Majidah Falah aktivis perempuan di partai baru itu mengatakan bahwa “Keadilan dan Pembangunan” bertujuan untuk mewujudkan keterwakilan perempuan minimal 10% “. Bahkan ia meperkirakan akan melebihi angka tersebut. Ia menambahkan: “Kami akan terus berusaha berada di belakang berdirinya partai ini agar Libya menjadi pemimpin negara maju.”

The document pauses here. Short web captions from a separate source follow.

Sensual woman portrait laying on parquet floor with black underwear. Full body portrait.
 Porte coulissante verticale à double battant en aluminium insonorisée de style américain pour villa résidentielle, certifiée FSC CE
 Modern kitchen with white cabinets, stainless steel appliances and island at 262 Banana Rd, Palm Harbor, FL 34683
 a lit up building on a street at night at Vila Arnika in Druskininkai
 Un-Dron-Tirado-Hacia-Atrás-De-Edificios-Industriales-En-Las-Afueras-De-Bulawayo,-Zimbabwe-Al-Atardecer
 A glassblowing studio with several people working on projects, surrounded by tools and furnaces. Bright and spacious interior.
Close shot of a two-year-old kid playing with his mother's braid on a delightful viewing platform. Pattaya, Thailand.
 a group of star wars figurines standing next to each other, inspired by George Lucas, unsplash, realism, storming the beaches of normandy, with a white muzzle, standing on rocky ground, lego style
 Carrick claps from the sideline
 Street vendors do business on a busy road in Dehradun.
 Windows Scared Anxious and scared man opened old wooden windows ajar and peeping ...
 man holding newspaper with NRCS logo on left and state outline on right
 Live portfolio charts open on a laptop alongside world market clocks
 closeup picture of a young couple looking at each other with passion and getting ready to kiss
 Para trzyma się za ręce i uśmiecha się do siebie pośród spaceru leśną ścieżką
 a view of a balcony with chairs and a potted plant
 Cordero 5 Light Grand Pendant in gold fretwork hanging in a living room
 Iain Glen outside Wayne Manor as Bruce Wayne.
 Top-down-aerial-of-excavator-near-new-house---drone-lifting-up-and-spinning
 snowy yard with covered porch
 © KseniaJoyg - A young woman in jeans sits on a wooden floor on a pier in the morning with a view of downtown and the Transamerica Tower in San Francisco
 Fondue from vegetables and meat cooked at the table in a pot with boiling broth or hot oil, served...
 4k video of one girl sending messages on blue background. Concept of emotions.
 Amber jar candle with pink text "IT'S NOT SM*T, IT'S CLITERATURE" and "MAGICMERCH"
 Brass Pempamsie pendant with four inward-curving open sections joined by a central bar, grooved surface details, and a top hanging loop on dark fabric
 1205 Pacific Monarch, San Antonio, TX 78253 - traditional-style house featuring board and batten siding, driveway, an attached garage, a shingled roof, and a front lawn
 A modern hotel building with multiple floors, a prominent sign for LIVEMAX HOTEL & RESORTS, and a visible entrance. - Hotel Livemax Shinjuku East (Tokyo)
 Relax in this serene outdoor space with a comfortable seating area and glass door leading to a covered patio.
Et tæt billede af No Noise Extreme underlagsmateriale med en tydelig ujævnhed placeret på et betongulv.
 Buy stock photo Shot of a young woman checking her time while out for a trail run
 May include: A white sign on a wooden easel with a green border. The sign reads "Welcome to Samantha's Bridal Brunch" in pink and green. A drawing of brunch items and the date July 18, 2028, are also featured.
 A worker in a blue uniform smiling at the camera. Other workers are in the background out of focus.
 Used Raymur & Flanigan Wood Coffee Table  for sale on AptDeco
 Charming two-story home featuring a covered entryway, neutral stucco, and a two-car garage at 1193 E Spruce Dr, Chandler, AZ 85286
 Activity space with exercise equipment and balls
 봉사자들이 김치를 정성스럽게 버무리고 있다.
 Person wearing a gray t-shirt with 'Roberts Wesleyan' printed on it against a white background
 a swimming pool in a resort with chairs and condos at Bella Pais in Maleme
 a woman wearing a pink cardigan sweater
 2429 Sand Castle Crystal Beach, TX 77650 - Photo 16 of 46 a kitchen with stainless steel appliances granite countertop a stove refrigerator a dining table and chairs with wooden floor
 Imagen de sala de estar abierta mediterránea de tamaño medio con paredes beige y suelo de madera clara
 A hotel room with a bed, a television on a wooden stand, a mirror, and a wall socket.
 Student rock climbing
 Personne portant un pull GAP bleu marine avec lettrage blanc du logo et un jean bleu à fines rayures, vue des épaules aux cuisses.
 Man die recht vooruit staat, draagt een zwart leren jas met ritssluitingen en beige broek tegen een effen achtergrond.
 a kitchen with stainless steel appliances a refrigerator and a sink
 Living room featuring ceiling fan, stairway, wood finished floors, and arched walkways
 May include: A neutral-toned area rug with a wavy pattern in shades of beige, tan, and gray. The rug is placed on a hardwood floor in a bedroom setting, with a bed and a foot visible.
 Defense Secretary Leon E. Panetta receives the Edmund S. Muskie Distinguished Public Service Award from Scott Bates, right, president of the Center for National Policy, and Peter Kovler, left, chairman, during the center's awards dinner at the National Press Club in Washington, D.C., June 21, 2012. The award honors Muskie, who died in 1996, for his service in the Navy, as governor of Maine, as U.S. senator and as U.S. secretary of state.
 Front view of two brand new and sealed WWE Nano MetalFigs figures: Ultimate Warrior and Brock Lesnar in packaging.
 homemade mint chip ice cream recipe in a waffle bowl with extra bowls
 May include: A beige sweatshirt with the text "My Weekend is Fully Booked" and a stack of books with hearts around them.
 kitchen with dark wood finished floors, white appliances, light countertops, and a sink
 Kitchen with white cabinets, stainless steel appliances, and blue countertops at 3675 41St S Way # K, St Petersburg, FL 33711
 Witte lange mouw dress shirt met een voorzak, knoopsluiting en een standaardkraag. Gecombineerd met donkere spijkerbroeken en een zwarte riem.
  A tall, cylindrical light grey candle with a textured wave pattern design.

Adapun majalah Amerika “Foreign Policy” mengatakan bahwa negara Libya sedang mengikuti jejak kesuksesan kelompok Islam di kawasan Arab. Namun perlu disadari bahwa kondisi berdirinya Ikhwanul Muslimin di Libya dan pembentukan partai politiknya berbeda dengan kondisi rekan-rekannya di kawasan Arab. Ikhwanul Muslimin di Libya berdiri 1949. Namun dengan naiknya Muammar Gaddafi untuk memerintah Libya, maka Ikhwanul Muslimin di Libya mengalami pembekuan kegiatan pada tahun 1969, tidak diperbolehkan melakukan aktivitas secara terbuka, serta menghadapi tindakan represif berat selama pemerintahannya. Sehingga apabila ada sebagian anggotanya yang mencoba untuk melakukan kegiatan dan membangun kelompoknya kembali, maka nasibnya adalah dipenjara atau dihukum mati.
Berbeda dengan Ikhwanul Muslimin di Mesir dan Partai an-Nahdhah di Tunisia. Majalah Amerika itu mengatakan bahwa medan politik Libya yang baru itu benar-benar menimbulkan sejumlah tantangan politik pada Ikhwanul Muslimin di Libya, karena sejarah mereka dalam berinteraksi dengan masyarakat yang sangat sedikit, tidak memiliki kesempatan untuk bekerja di jalanan, perkumpulan, atau pada organisasi dan lembaga di dalam Libya guna membangun jaringan aktivitas layanan sosial dan aktivitas publik, seperti yang terjadi di Mesir dan Tunisia, serta tantangan lainnya yang terbentang di depannya, terutama proses penyusunan konstitusi (islamtoday.net, 19/3/2012).